We have Post Model which contains a slug which can uniquely identify the post, a title, data which contains what the user has written, user_id which contains the user id of the user who has written the post. The data is of type Text, we are using Text instead of String(varchar) as their is no limit to the characters you can store with Text and the data is stored off the table with the table just having a pointer to the location of the actual storage. VARCHAR is stored inline with the table. Only downside is we can’t index Text column which we were not going to anyways.

Comment Model has data which contains the comment that user has posted, user_id, post_id which contains the post id of the post for which the comment has been written by the user.

UserRating contains the rating given, the user_id, and post_id.

Hybrid Properties

We have 3 hybrid properties in Post model

  1. avg_rating which attaches a property which will give us the average rating of the post.
  2. total_comments wil give us the number of comments on the post.
  3. last_5_comments will give us last 5 comments on the post.

Hybrid Properties attaches a property to a model, which we can not query on.
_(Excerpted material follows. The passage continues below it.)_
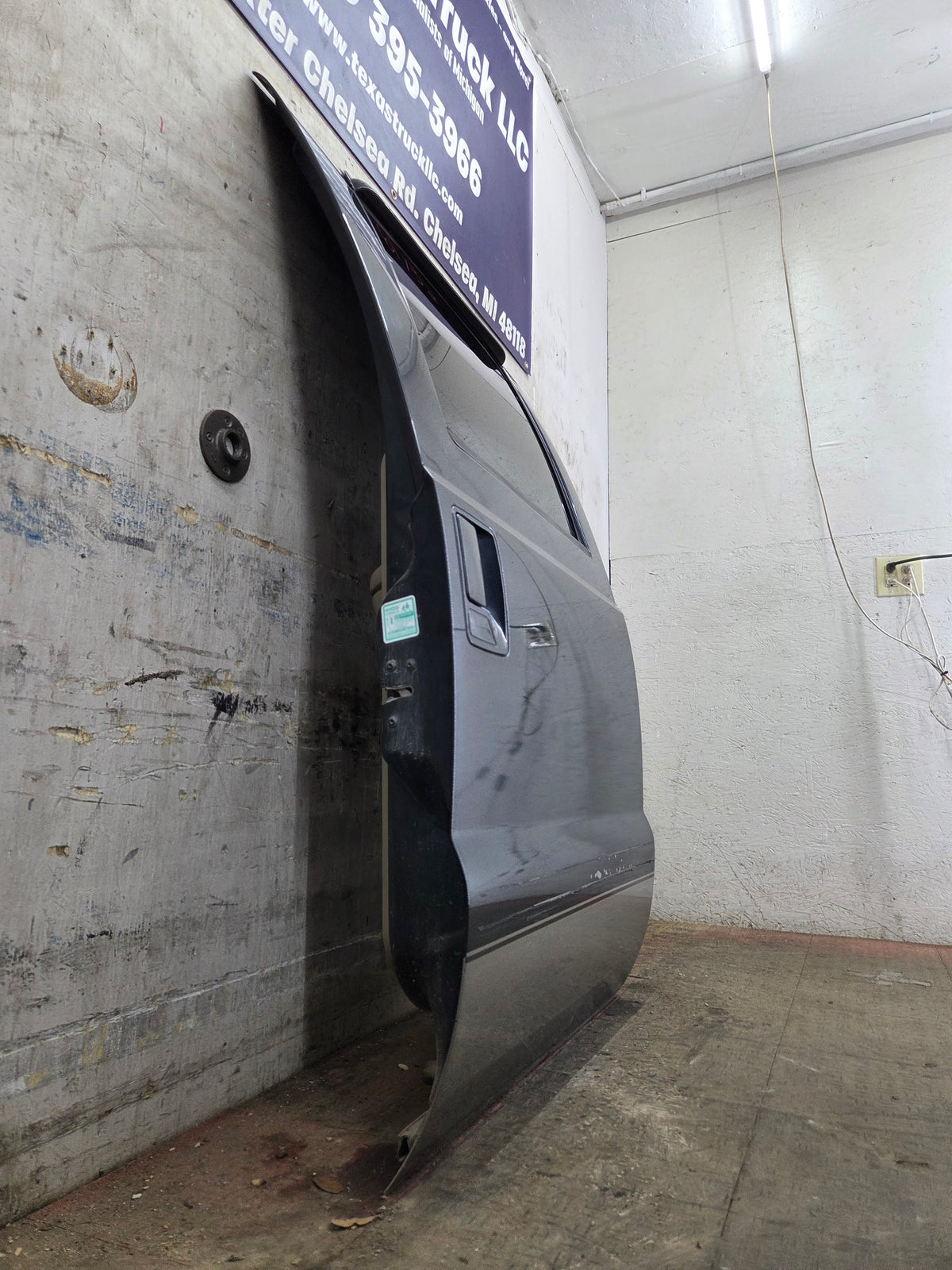1999-2007 Ford Super Duty RH Passenger Side Rear Crew Cab Door F250 F350 F450 F550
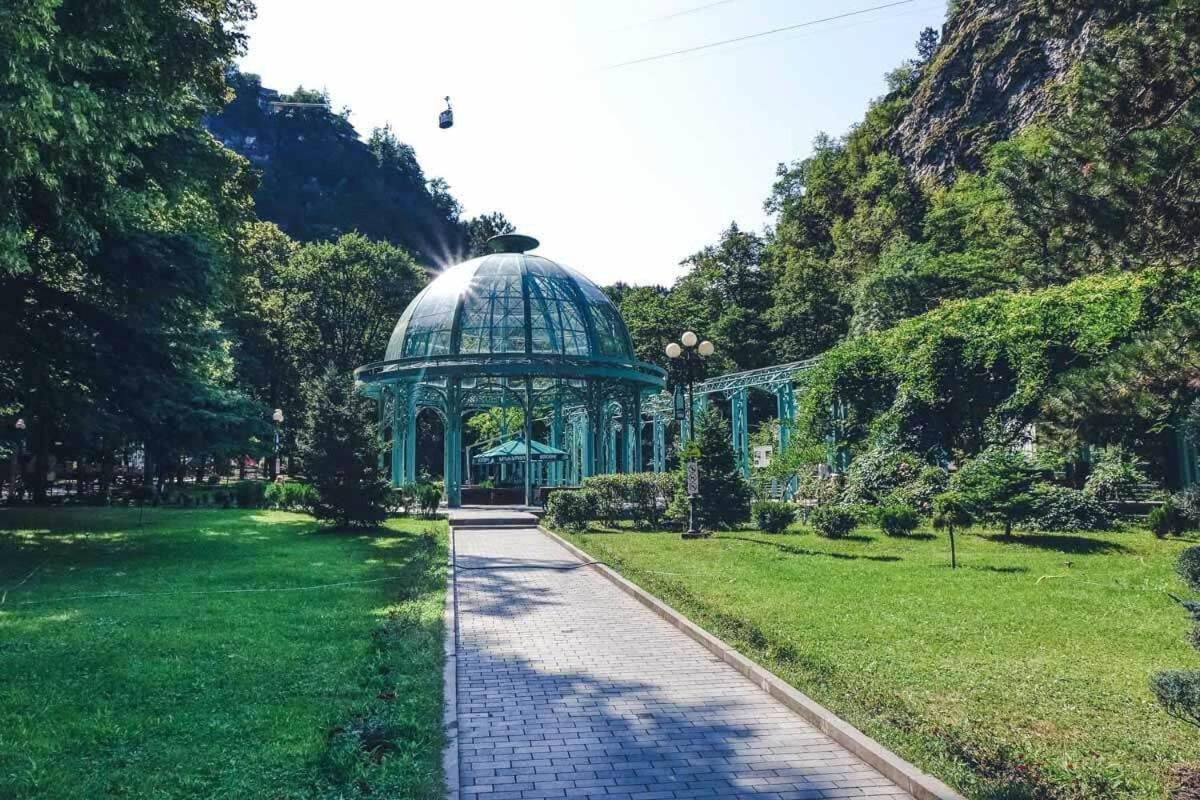 Vaniko'S Guesthouse Borjomi Luaran gambar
We can’t do this Post.query.filter(Post.avg_rating>3.5).all() but defining an expression for hybrid property will allow us to query on it.
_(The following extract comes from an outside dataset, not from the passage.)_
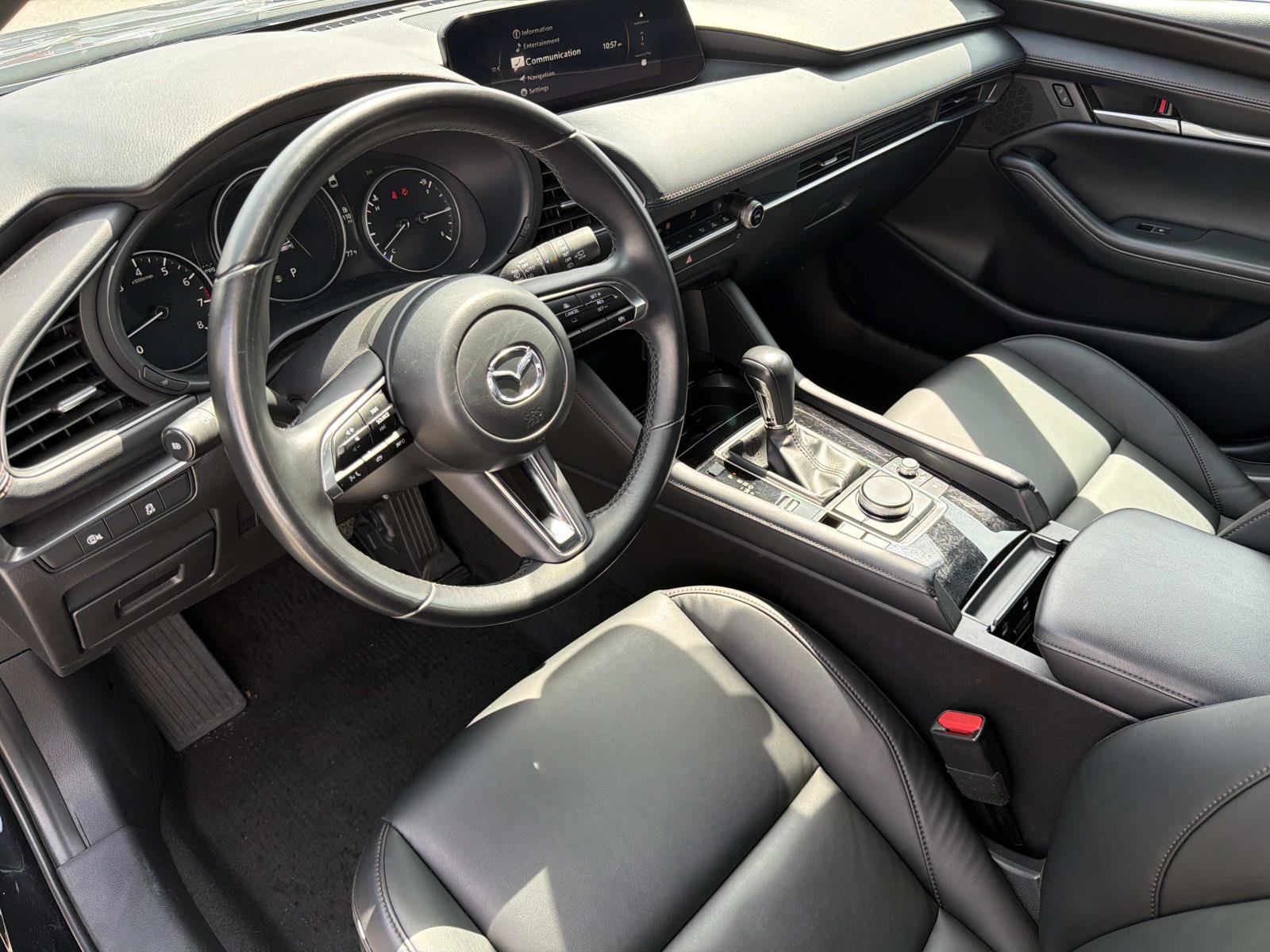 Certified 2025 MAZDA MAZDA3 s Sport FWD image 7
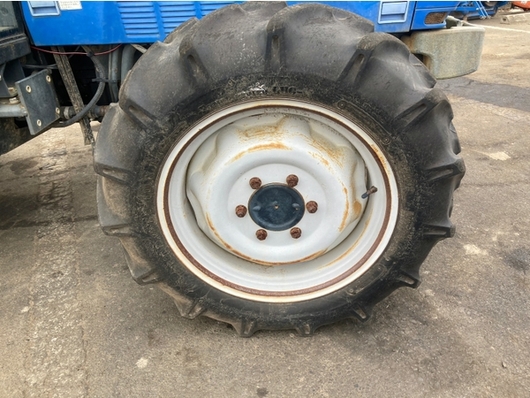 ISEKI トラクター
""" Finding all the post with average rating above 3.5"""
from sqlalchemy import and_, func

posts = Post.query.join(UserRating, and_(UserRating.post_id == Post.id))
			.group_by(UserRating.post_id).having(func.Avg(UserRating.rating)>3.5).all()

""" Wouldn't it be better if we can do something like"""
posts = Post.query.filter(Post.avg_rating>3.5).all()
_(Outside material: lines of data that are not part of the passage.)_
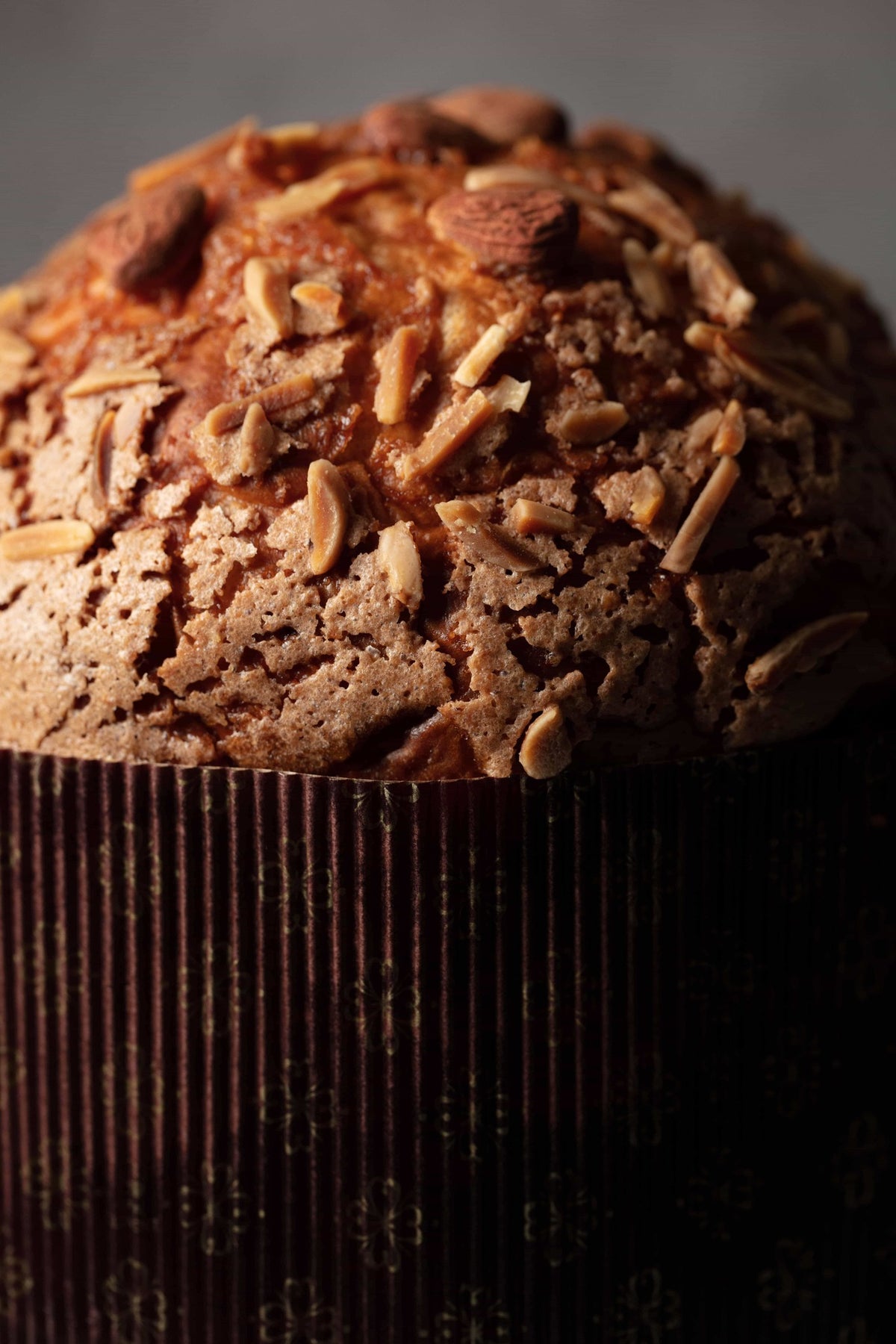 Tranche de panettone fleur d'oranger révélant une mie légère et parfumée aux zestes confits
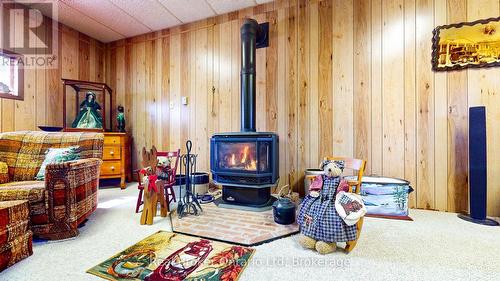 14 Seneca Crescent, Tiny, ON - Indoor Photo Showing Other Room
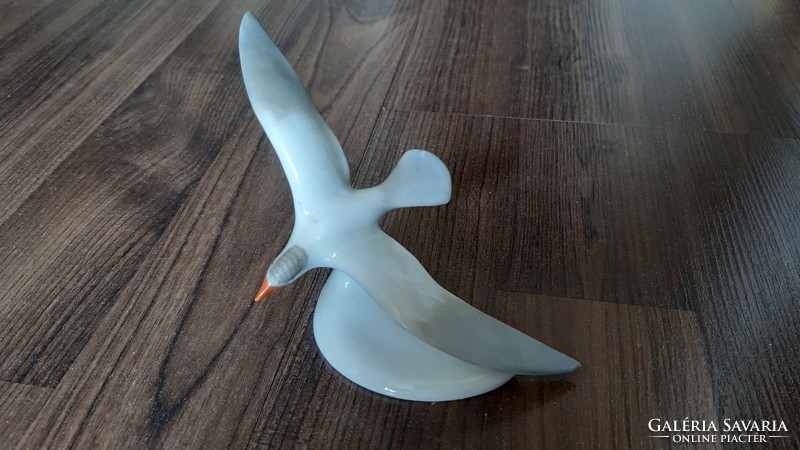 Porcelain seagull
Let’s see how we can do this by creating an expression for our hybrid properties to query directly.

class Post(db.Model, BaseMixin, ReprMixin):
    __repr_fields__ = ['id', 'slug']
    
    @hybrid_property
    def avg_rating(self):
        return self.ratings.with_entities(func.Avg(UserRating.rating))
			       .filter(UserRating.post_id == self.id).scalar()

    @avg_rating.expression
    def avg_rating(cls):
        return select([func.Avg(UserRating.rating)])
		        .where(cls.id == UserRating.post_id).as_scalar()

Note: Hybrid properties and expressions will help us a lot when we will write Restful Api’s in chapter 5.

Adjacency List

What happens if a user wants to comment on a comment of another user in some post. How can we handle that?

Using adjacency list.

Comment 2-->Comment 1: Yes! Very nice post!
Comment 1->Post 1: Nice post!

Example: A user has commented Nice post! on a post, another user commented on that comment with Yes! Very nice post!

class Comment(db.Model, BaseMixin, ReprMixin):
    __repr_fields__ = ['id', 'commented_by']

	parent_comment_id = db.Column(db.Integer, db.ForeignKey('comment.id'))
	parent_comment = db.relationship('Comment', remote_side='Comment.id')
	children_comment = db.relationship('Comment', 
										remote_side='Comment.parent_comment_id') 

We will keep adding models as per our requirements but for now these models will suffice. Lets optimize our models for faster querying and put some constraints.

Constraints and Indexes

We will add constraints and Indexes to our database.

  1. We will index all the primary keys and foreign keys.
  2. We will index all the columns which will be searched frequently like title in post.
  3. We will put constrains like:
    1. We don’t want a user to rate a post multiple time, for this we will add UniqueConstraint to our UserRate Model.
    2. Fields like email, mobile_number in user are already marked Unique or slug in post are already marked Unique.
    3. In UserRole Model we don’t want a single user alloted same role again and again for that we will add Unique constraint.

Final Code


import os
import re

from flask import Flask
from flask_sqlalchemy import SQLAlchemy
from sqlalchemy.ext.declarative import declared_attr
from sqlalchemy.ext.hybrid import hybrid_property
from sqlalchemy import func, select, UniqueConstraint, Index

basedir = os.path.abspath(os.path.dirname(__file__))
app = Flask(__name__)
app.config['SQLALCHEMY_DATABASE_URI'] = 'sqlite:///{}'.format(os.path.join(basedir, 'test.db'))
db = SQLAlchemy(app)
db.create_all()


def to_underscore(name):

    s1 = re.sub('(.)([A-Z][a-z]+)', r'\1_\2', name)
    return re.sub('([a-z0-9])([A-Z])', r'\1_\2', s1).lower()


class BaseMixin(object):

    @declared_attr
    def __tablename__(self):
        return to_underscore(self.__name__)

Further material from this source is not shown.